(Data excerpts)
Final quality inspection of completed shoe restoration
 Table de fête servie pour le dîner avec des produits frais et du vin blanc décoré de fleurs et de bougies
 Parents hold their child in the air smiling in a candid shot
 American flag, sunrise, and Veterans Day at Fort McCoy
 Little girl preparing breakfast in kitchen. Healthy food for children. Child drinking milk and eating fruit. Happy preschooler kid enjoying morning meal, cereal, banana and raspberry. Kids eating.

Task:
Copying begins at the line that holds "Parents hold their" and ends at the last line of the data above, with both included and each line kept exactly.

Answer space:
 Parents hold their child in the air smiling in a candid shot
 American flag, sunrise, and Veterans Day at Fort McCoy
 Little girl preparing breakfast in kitchen. Healthy food for children. Child drinking milk and eating fruit. Happy preschooler kid enjoying morning meal, cereal, banana and raspberry. Kids eating.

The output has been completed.